Les investisseurs ont plutôt retenu les commentaires sombres de la Fed sur l'économie. «Le gouvernement a fait ressurgir le spectre d'une nouvelle récession, alors que la plupart des économistes prévoyaient une longue période de faible croissance», rapporte M. Driscoll.

La Fed a aussi surpris les marchés en décidant d'acheter des obligations avec une échéance aussi longue.

Près du tiers des achats de la Fed viseront des Treasuries de 20 à 30 ans, note Ed Sollbach, stratège chez Valeurs mobilières Desjardins.

Cela a fait reculer le rendement des obligations de 30 ans de 0,44% en deux jours, à un creux de 2,79%. Il s'agit d'un des reculs les plus marqués depuis la fin des années 70.

Les entreprises qui ont des dettes profiteront d'une baisse de leurs coûts d'emprunt, souligne M. Sollbach. Mais, surtout, les propriétaires qui ont un bon dossier de crédit pourront refinancer leur maison et bénéficier d'une baisse de leurs paiements mensuels.

Par contre, l'opération Twist risque de miner les profits des banques. «Les banques empruntent à court terme et prêtent à long terme. L'écart entre les taux d'intérêt à court et à long terme leur permet de faire des profits. Si cet écart rétrécit, leur marge sera comprimée», dit M. Driscoll.

Au Canada, le secteur financier a subi une baisse de 2,3% à la Bourse. Mais les banques ont été bien plus malmenées aux États-Unis. L'agence de crédit Moody's a décoté trois poids lourds, soit Bank of America, Wells Fargo et Citigroup, considérant que les probabilités sont plus grandes que le gouvernement les laisse tomber dans une situation de crise.

En quête de sécurité, les investisseurs se sont précipités vers le dollar américain qui régnait en maître sur le marché des devises, hier.
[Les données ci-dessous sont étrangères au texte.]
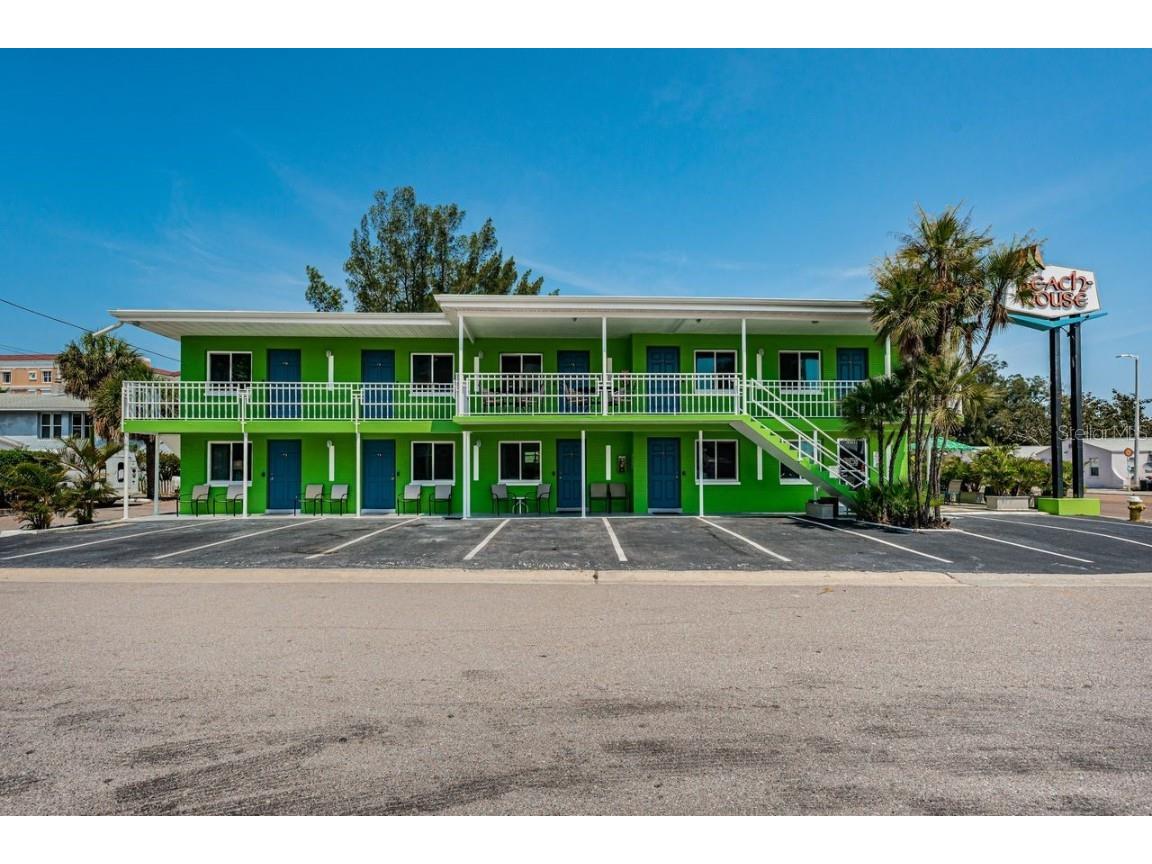 12100 Gulf Boulevard Treasure Island FL 33706 U8198831 image6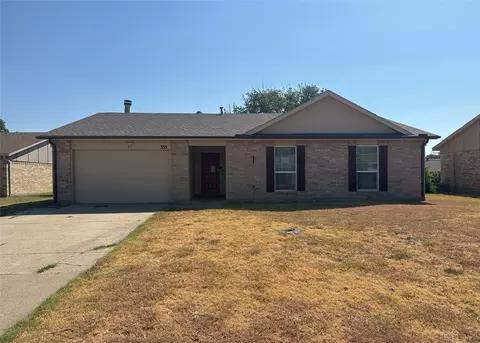 355 Ridgecrest Dr, Saginaw, TX 76179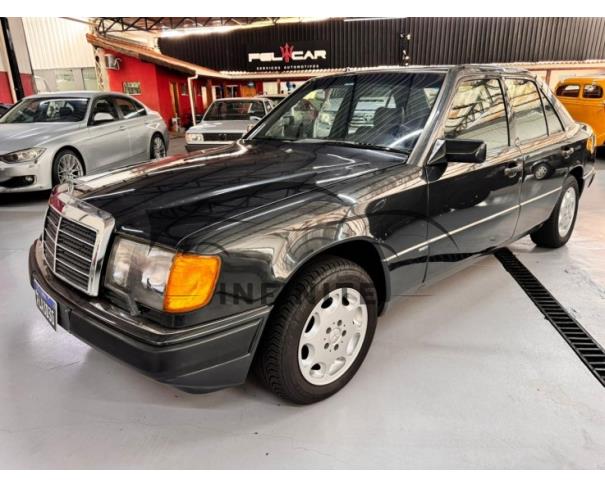 Foto de MERCEDES BENZ 300E 1989/1990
Face à la vigueur du billet vert, le huard est tombé sous la parité, terminant la journée à 97,09 cents US.

Le raffermissement du dollar américain a aussi fait chuter le prix des ressources naturelles. À la Bourse canadienne, le secteur du pétrole a perdu 3,8%, tandis que le secteur des matériaux de base s'enfonçait de 6%.

La demande pour les ressources risque d'être freinée par le ralentissement de l'économie mondiale. Hier, l'indice des décideurs d'achats en Europe a d'ailleurs baissé sous la barre de 50 points, indiquant une contraction de l'économie en Europe.

C'est sans compter que les pays de l'Union européenne ont du mal à trouver une solution pour régler leurs problèmes d'endettement.

Le ministre des Finances du Canada, Jim Flaherty, montre d'ailleurs des signes d'impatience. «Il faut plus de détermination de la part des dirigeants des pays de l'Europe pour appliquer leur plan de réduction de la dette. En particulier, la Grèce doit mettre son plan de réduction en oeuvre», a affirmé M. Flaherty.

L'impasse actuelle crée de l'incertitude chez les investisseurs, ce qui nuit à la reprise économique mondiale, estime le grand argentier du pays qui participait, hier soir, à une rencontre des ministres des Finances et des gouverneurs des banques centrales des pays du G20. Aujourd'hui, M. Flaherty assistera aux réunions annuelles du Fonds monétaire international et de la Banque mondiale.